▶ _EXERCISE OBJECTIVE_:
Below are records. Find each line in them that holds the word "Black" and copy it.

▶ _EXTRACTED RECORDS_:
· · · · · · ·

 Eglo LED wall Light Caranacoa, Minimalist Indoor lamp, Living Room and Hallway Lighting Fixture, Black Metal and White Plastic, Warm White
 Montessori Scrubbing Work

· · · · · · ·

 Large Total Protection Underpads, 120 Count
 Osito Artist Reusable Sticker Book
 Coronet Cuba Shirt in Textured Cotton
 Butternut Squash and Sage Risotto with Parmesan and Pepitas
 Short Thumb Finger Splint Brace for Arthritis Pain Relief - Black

· · · · · · ·

▶ _SOLUTION_:
 Eglo LED wall Light Caranacoa, Minimalist Indoor lamp, Living Room and Hallway Lighting Fixture, Black Metal and White Plastic, Warm White
 Short Thumb Finger Splint Brace for Arthritis Pain Relief - Black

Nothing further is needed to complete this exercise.